Localisation will be a key focus. “In China, we never localised but now we have a team for local relevance. The good thing is we have global scalability – every experiment that we run can be run on every site.” He described mobile as a new platform to drive transactions but what was more important – “it offers us a computer in every pocket”. “It is transforming our ability to create end-to-end experiences for our customers.” He said he had high opens for both Open Table and Kayak which was when he made the comment about “you don’t manage Steve” (Hafner). In his session, when Hafner was asked what had changed two years after acquisition, he said, “Getting used to having a boss.”

Steve Hafner with Phocuswright’s Lorraine Sileo: Having to get used to having a boss is part of post-acquisition life. What it has given him is an appreciation of scale. “When you are a start-up, you aspire to build a great product or service, but you don’t appreciate the complexities of operating at scale.
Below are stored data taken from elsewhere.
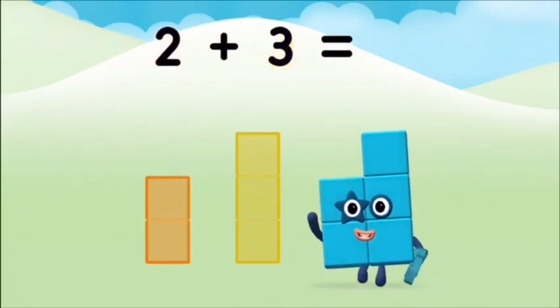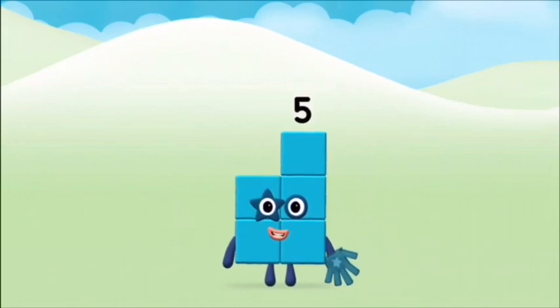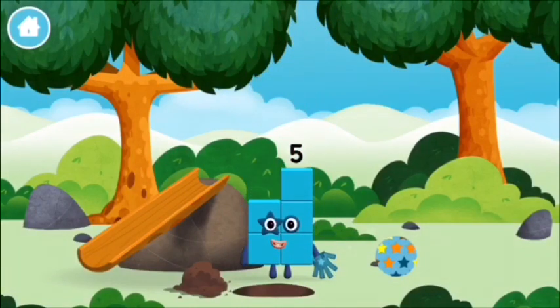Two plus three equals five! Great! You made number block five! You made a new number block.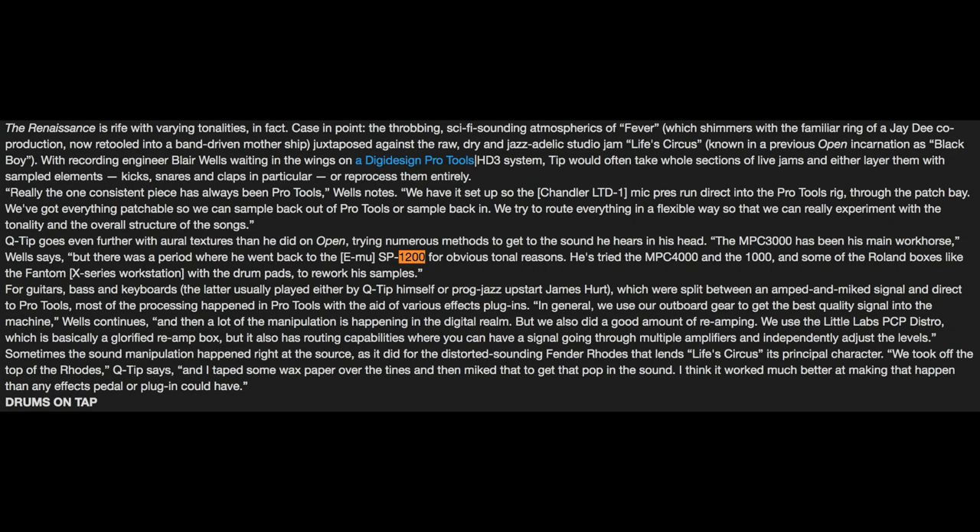He also used the MPC-4000 and the MPC-1000, as well as other brands like the Roland Phantom. In his January 2008 Remix interview, it's noted that Q-Tip goes even further with aural textures, trying numerous methods to get the sound he hears in his head. Recording engineer Blair Wells says the MPC-3000 has been his main workhorse, but there was a period where he went back to the EMU SP-1200 for obvious tonal reasons. He also tried the MPC-4000 and the 1000, and some of the Roland boxes like the Phantom X-Series workstation with drum pads to rework his samples.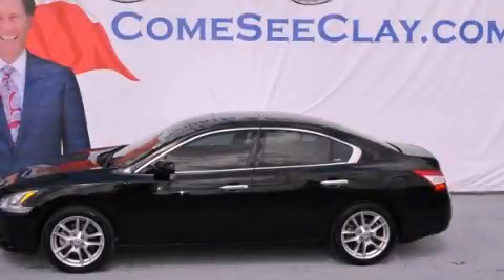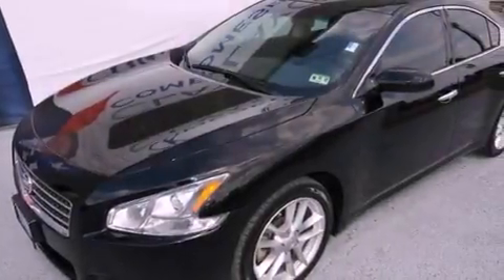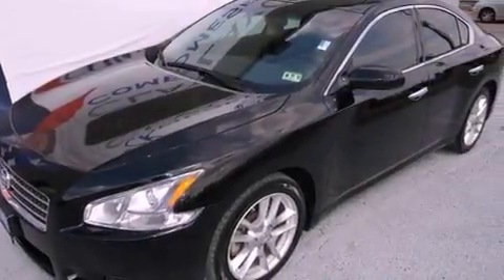This is a certified pre-owned 2009 Nissan Maxima. It has a 3.5-liter six-cylinder engine and an automatic transmission.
It’s been a big learning experience.” During the November earnings call, Huston spoke about Kayak. “I would say that Kayak, since the day we acquired it, has exceeded our expectations from a profit standpoint. “And I’m really proud of the work that Steve [Hafner] and his teams have done. I would say we are not as aggressively investing. We certainly don’t want to invest at a loss to build the Kayak business, so we have done a lot of experimentation and we feel pretty good about the results in particular in Europe.” And he added that the group would “look to see the effect of the various experiments that are going on and our ability to profitably roll this business out to more parts of the world.” At Phocuswright, Hafner said 35% of Kayak’s revenues were now from international sources, versus 14% previously, and he added, “We want Kayak to be a great product and service worldwide – the matrix is usage, not percentage of sales.”


Asked later a hypothetical question that if Priceline could acquire Uber or Airbnb, if the terms were the same, Huston picked Uber. “Both are great companies, truly disruptive but I’d pick public transportation which has tremendously underutilised assets.” All said, he noted the business was in a good place and for him, “it was a dream job”. Recalling his time at Starbucks, he said that culture was very much one of the heart, a consumeroriented company. Microsoft was very brain, data-oriented. Travel is a combination of data and facts but you also need to have a good feeling of the consumer, more heart. You can’t be just a technology or consumer company to be in travel, he said. “I can’t imagine doing any other job than what I am doing now.” I think it was at this point the alarm sounded. Now do you feel sorry for Huston?